WHEN THE SOUTH CENTRAL INDIANA RURAL Electric Membership Cooperative was looking for the most efficient way to transport data from its new supervisory control and data acquisition (SCADA) and advanced metering infrastructure (AMI) systems to its microwave-based backbone network in 2007, the utility considered many options.
Utility executives knew that settling on a solution that answered only the near-term immediate need was not the way to go. Instead, the Martinsville, Ind.-based utility wanted a scalable solution that could be tweaked and used for new and innovative concepts down the road.
Own your own
With more than 34,000 customers spread over seven counties, SCI is the largest of rural Indiana's 40 electrical membership cooperatives. Yet, it operated with a small budget for the project, and knew that a wired network would not be a cost-effective solution. The utility collaborated with an engineering firm that advised it to install an IP-based point-to-multipoint network.
The consulting firm also recommended that the utility own its own network as opposed to leasing so it could define its own uses for the network. In addition, owning eliminated the need to rely on an outside third party for service and the high monthly fees they often charge.
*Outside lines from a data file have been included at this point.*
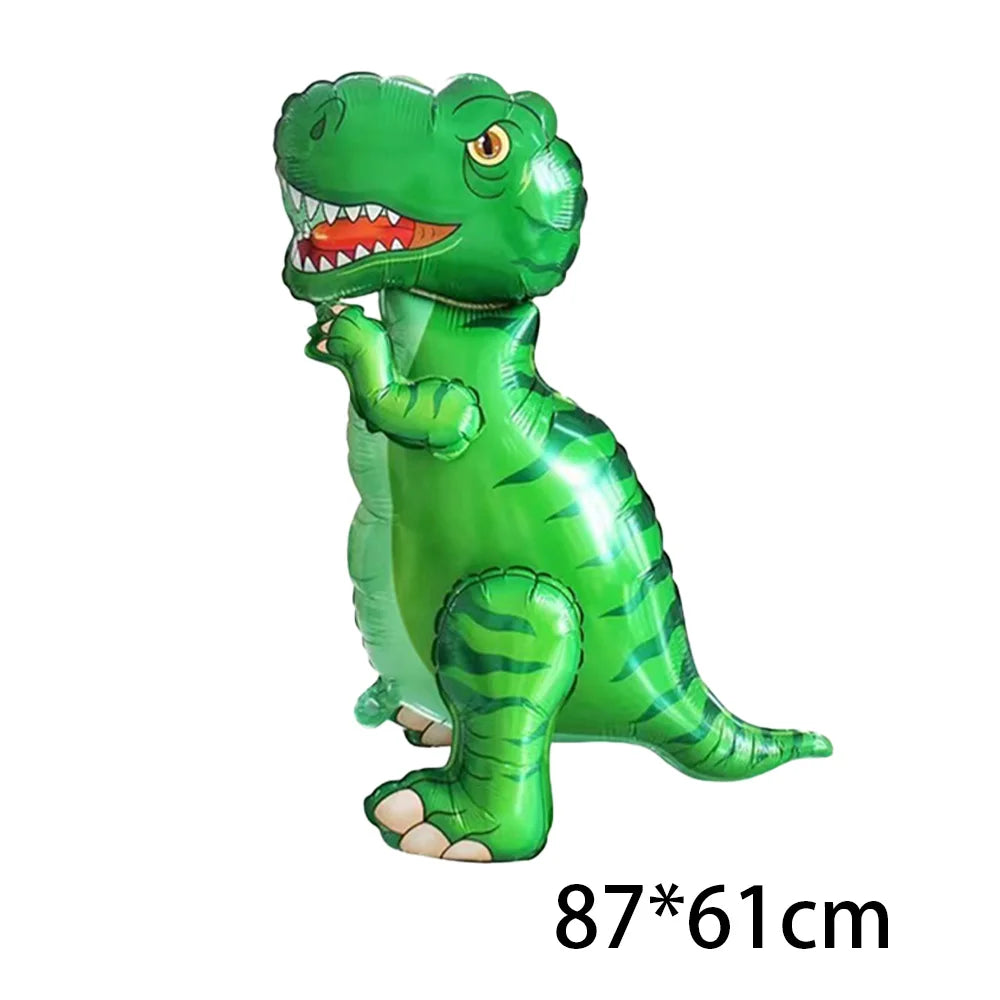A green inflatable dinosaur balloon decoration kit with a banner and standing balloons.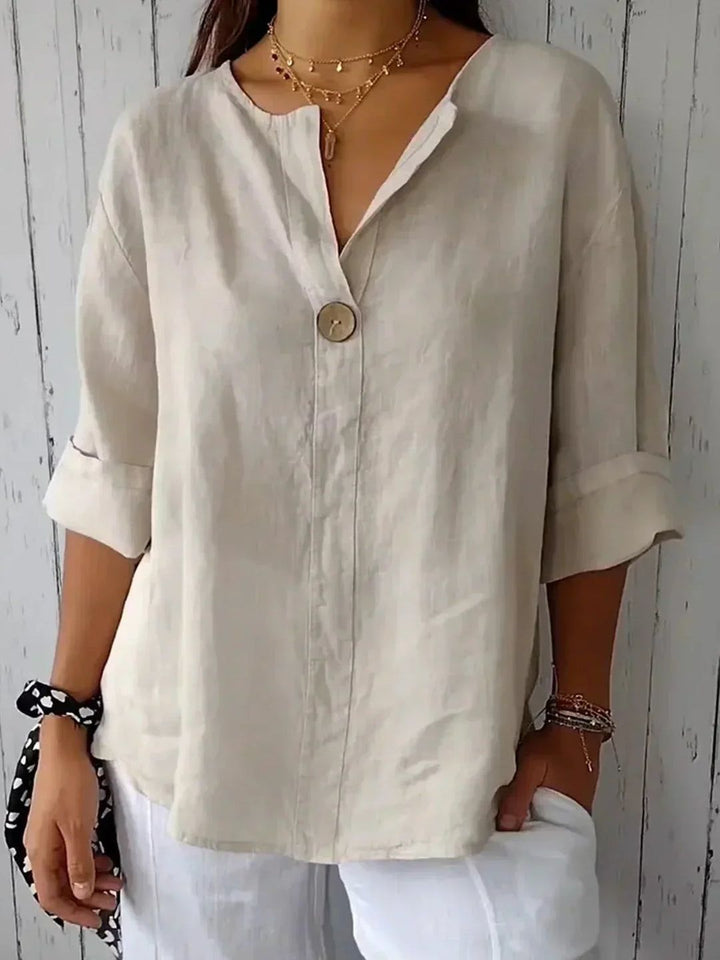 Olive | Relaxed V-Neck Blouse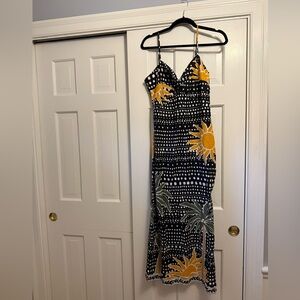 SALE - LOFT Black and Yellow Sunburst Maxi Dress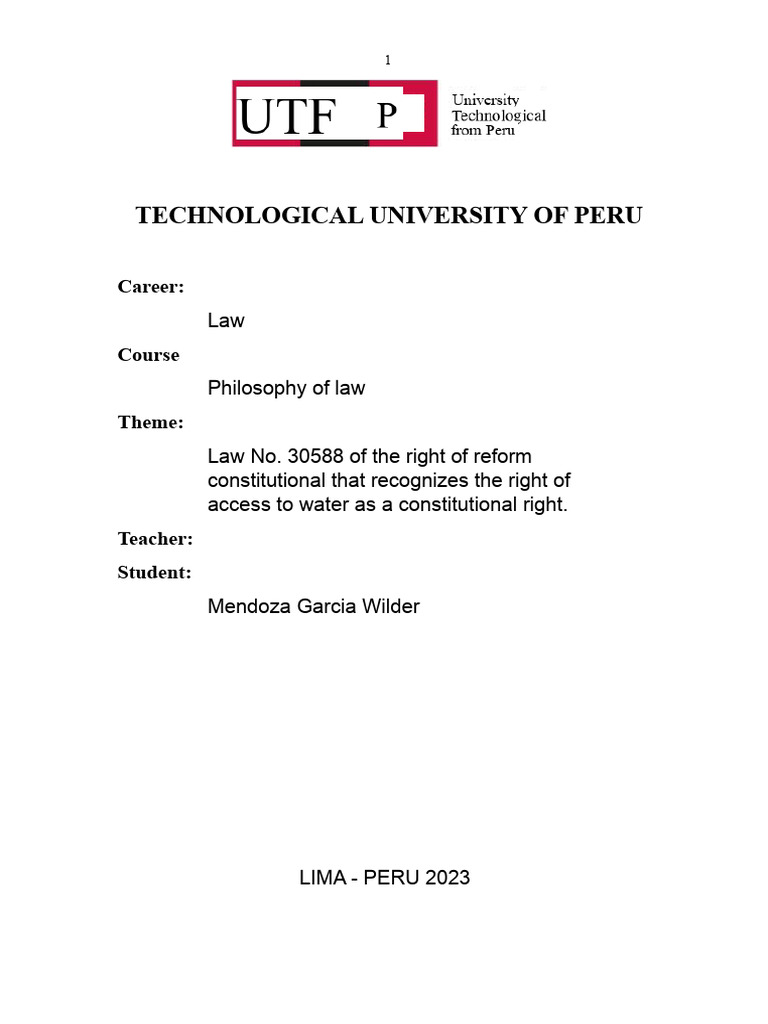 Week 7 - Essay - Analysis of The Peruvian Constitution | PDF | Drinking ...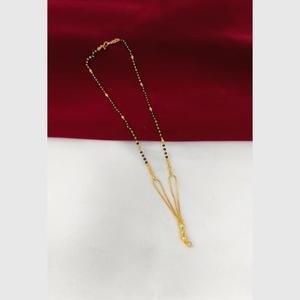 Elegante Collar de Cuentas de Piedras Preciosas Negras, Chapado en Oro, Mangalsutra, Cadena Étnica Religiosa para Boda o Fiesta-11058769GL - Product Image 1
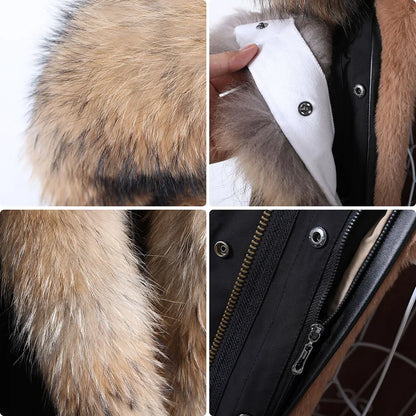 Damen Winter Parka mit abnehmbarem Fellbesatz und Kapuze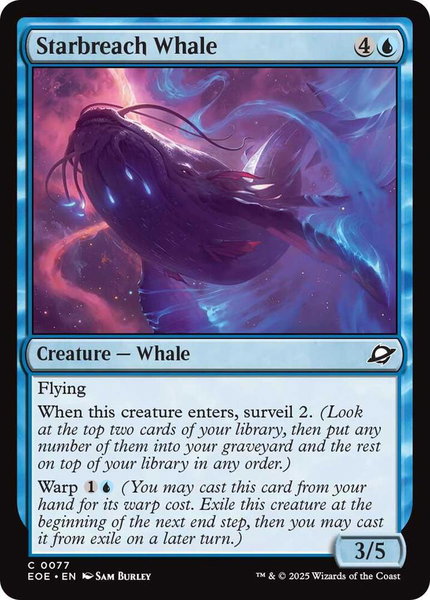 Starbreach Whale trading card from Edge of Eternities Starbreach Whale - Edge of Eternities Magic: The Gathering trading card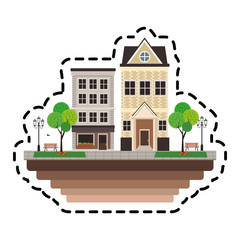 urban city with buildings over white background. colorful design. vector illustration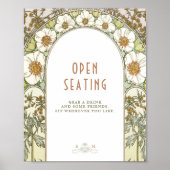 Open Seating Sign  Art Nouveau door Mucha Poster (Voorkant)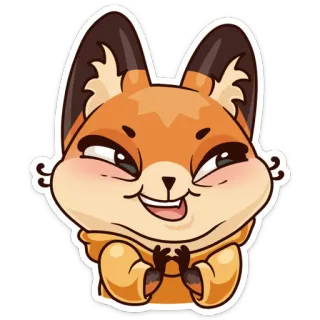 😈 fuchs, tier, niedlich, aufkleber, cartoon telegram sticker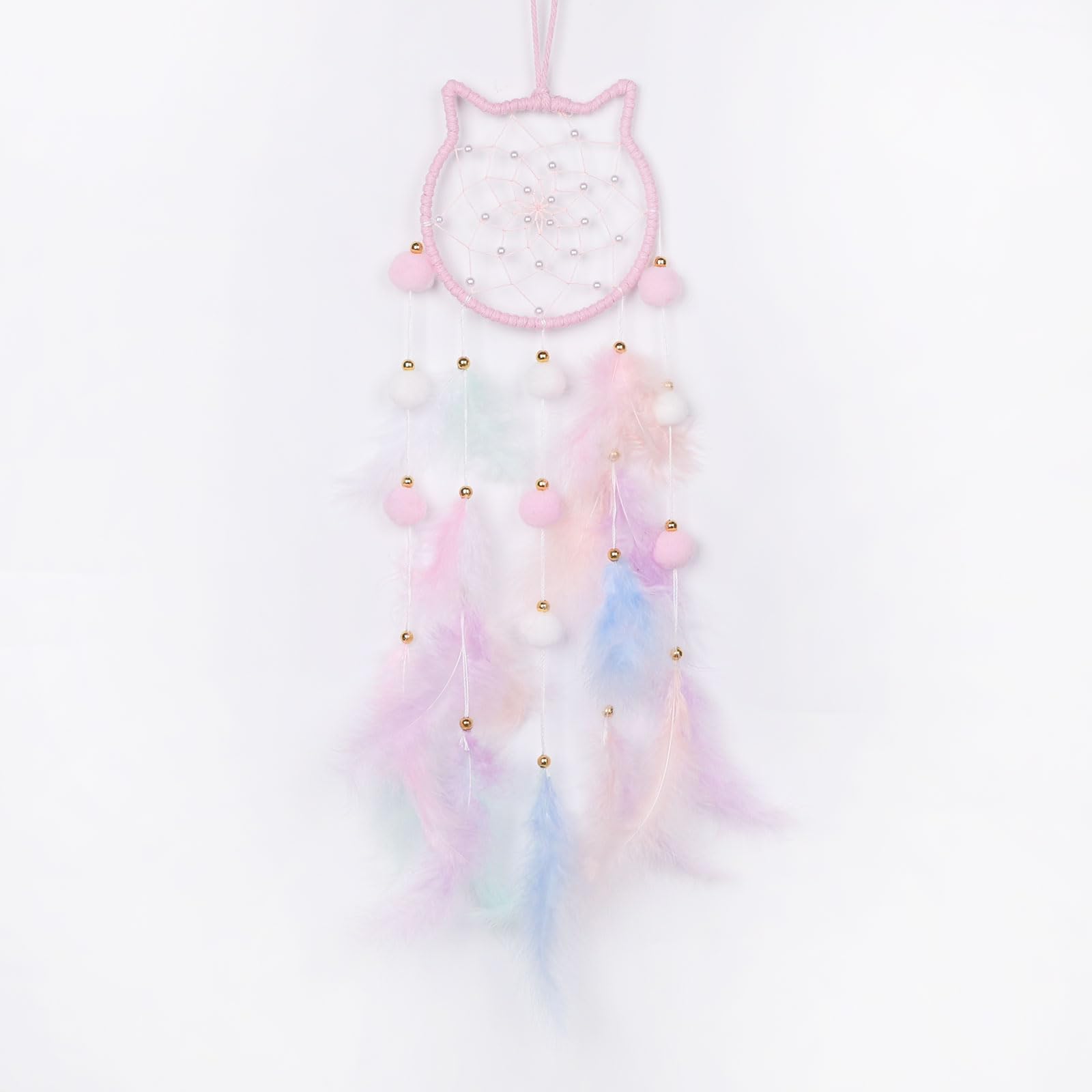 Pretty Jolly Pink Cat Kids Dream Catcher Wall Decor Pompom Feather Baby Dreamcatcher Handmade Children Dream Catcher Home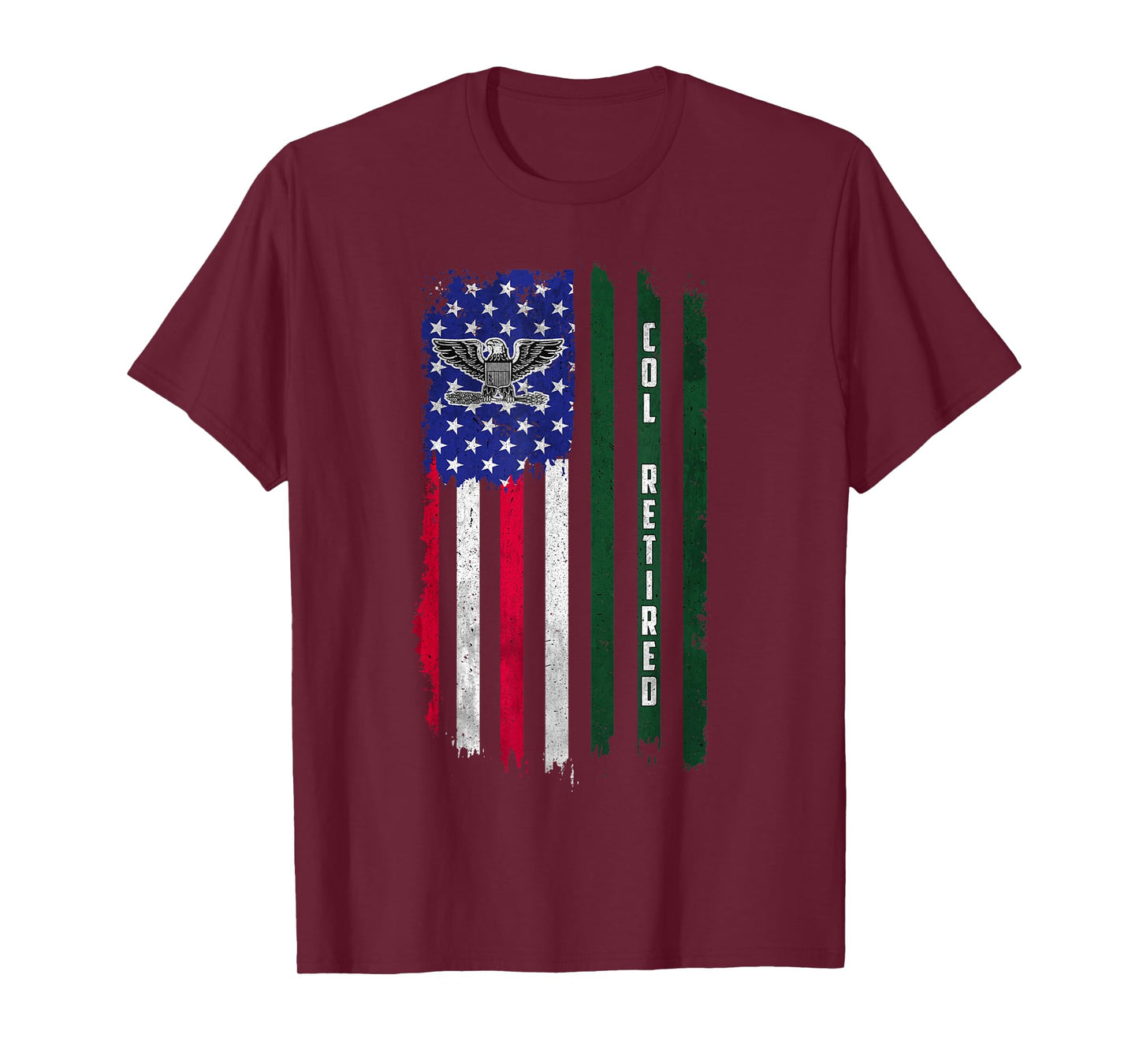Retired O6 Colonel COL Rank American Flag Veterans Day Papa T-Shirt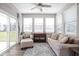 Bright sunroom with sliding glass doors, comfortable seating and a view to backyard at 6429 Flag Stop Dr, Whitestown, IN 46075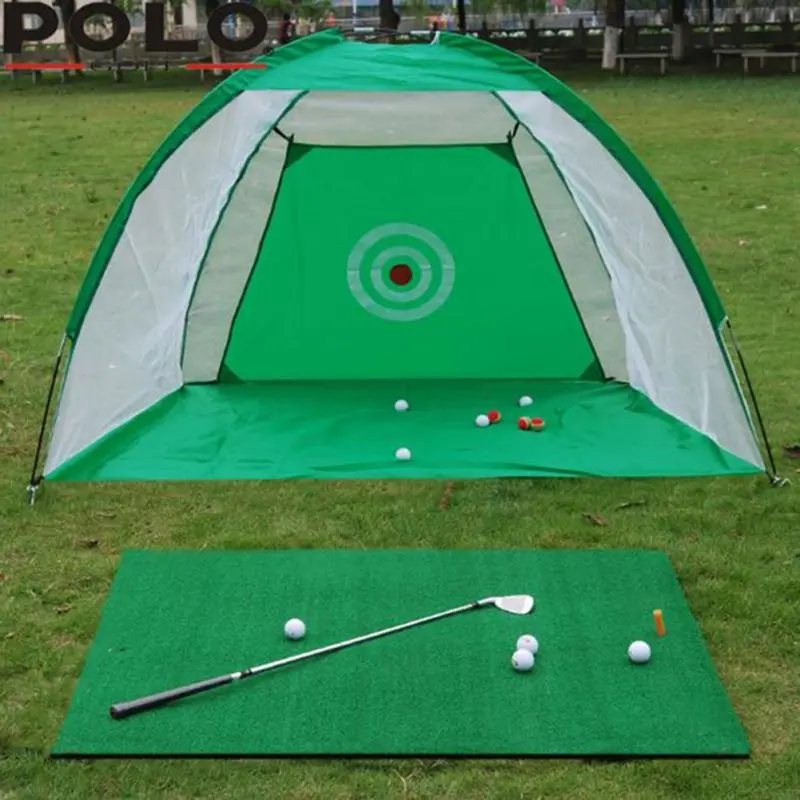 

2M Indoor Golf Practice Net Tent Outdoor Garden Grassland Green/Black Golf Hitting Cage Training Aids Golf Sports Equipment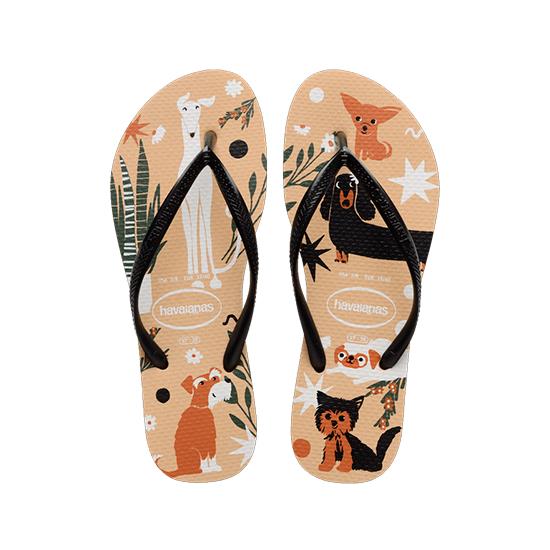 Imagem de Sandália havaianas feminina slim pets dourado/preto 41/42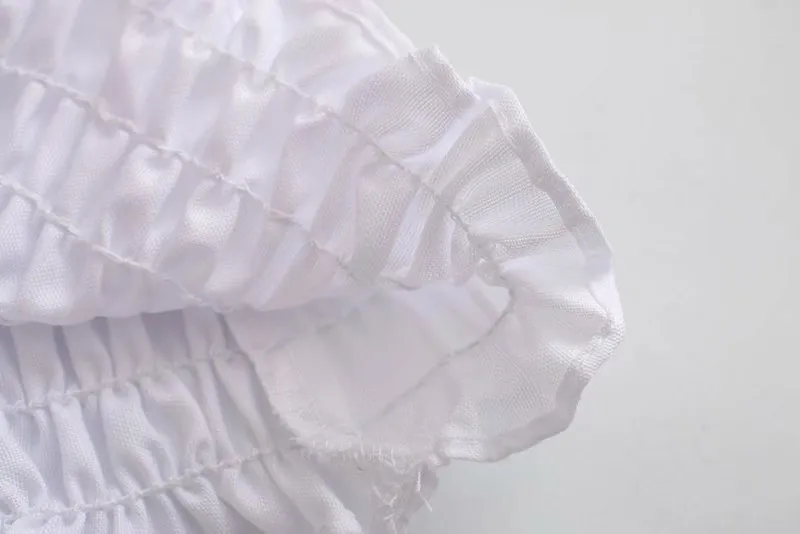 SMOCKED DETAIL CROSSOVER TOP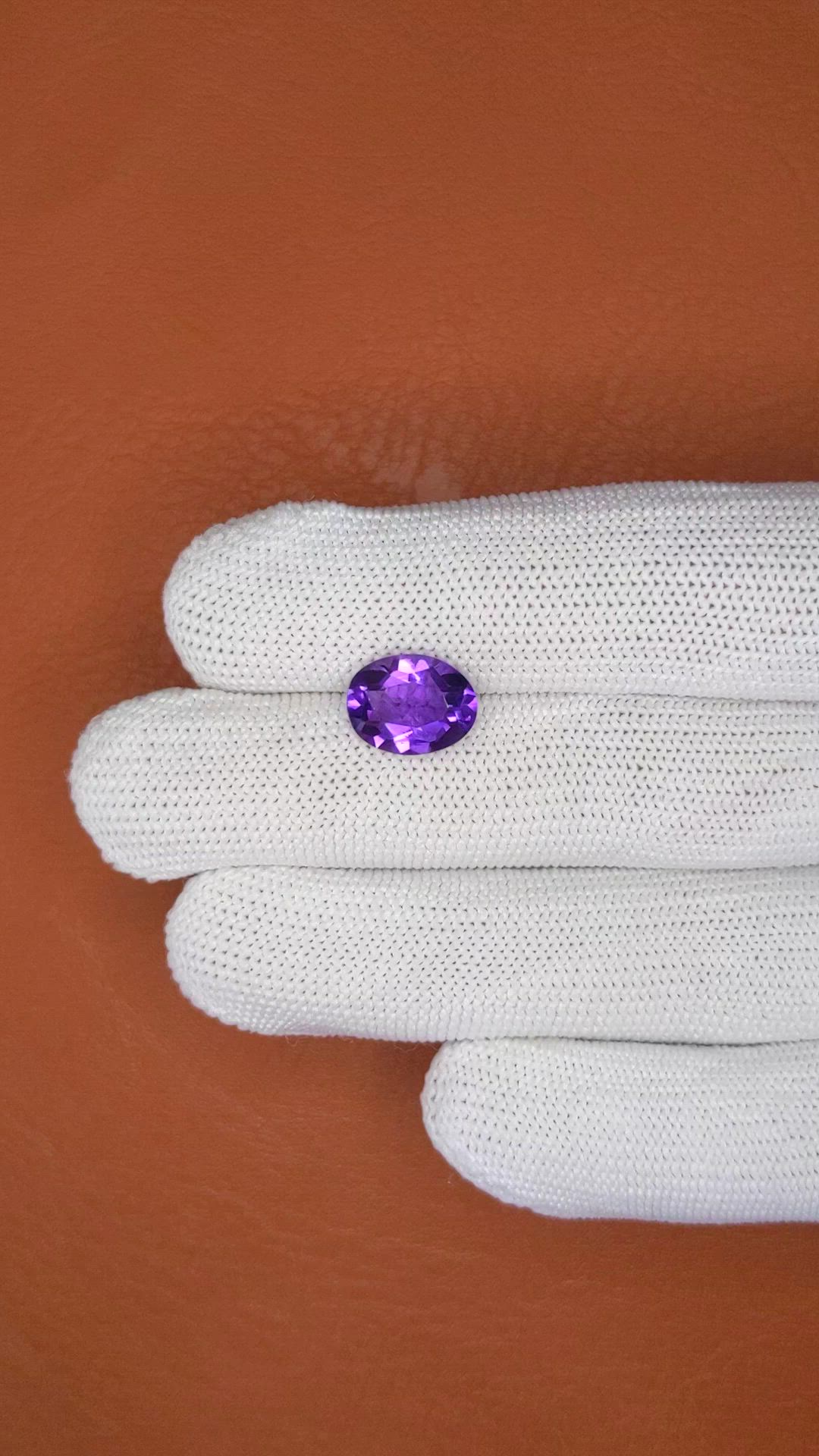 3.28 Ct. Purple Amethyst from Ceylon (Sri Lanka) Size Video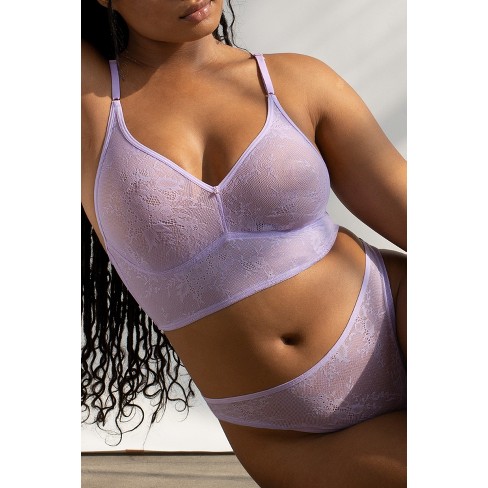 Smart & Sexy Womens Smooth Lace Longline Bralette Lilac Iris Lace Xl :  Target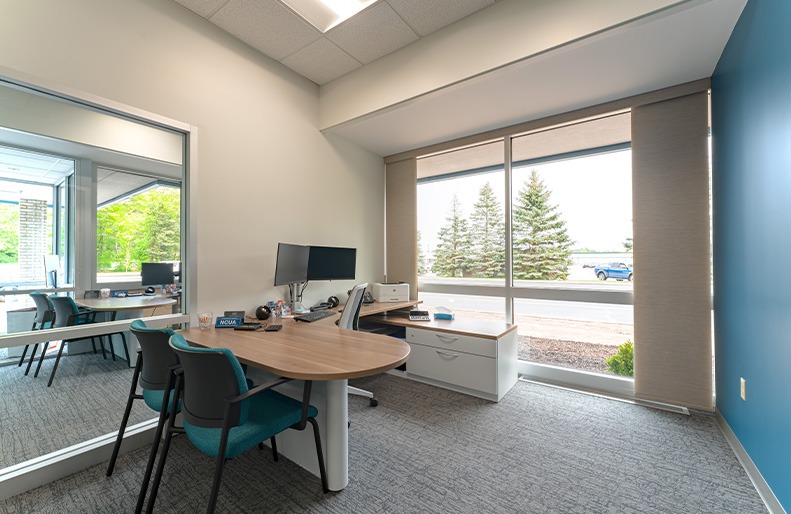 Office space at Jolt Credit Union in Midland, Michigan.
"It made sense to put in a high-speed data network to our substations, not only to handle SCADA and AMI backhaul, but just looking out into the future for other applications," said Jack Hubbard, vice president of distribution services at South Central Indiana REMC. "At the time it seemed like there were a lot of opportunities to do more out at our substations, so it just made sense to invest in a data network."
With a network of 22 substations, most of them located in very remote locations, it was important to find connectivity that could not only carry the utility's mission-critical usage data, but also allow for other crucial functions such as connecting two-way radio system repeater sites, and supporting alarm and video security systems that SCI has rolled out since deploying the network.
Hubbard says the system has worked exactly as planned, and that the utility plans to deploy some additional features over the next several months.
"The biggest benefit is exactly as we expected-we're able to backhaul our AMI and SCADA data," said Hubbard. "And because we have connectivity at the substations, our technicians can get connected back to our internal network to get information that they need during a job, like product manuals. We've been very pleased with the reliability of the system."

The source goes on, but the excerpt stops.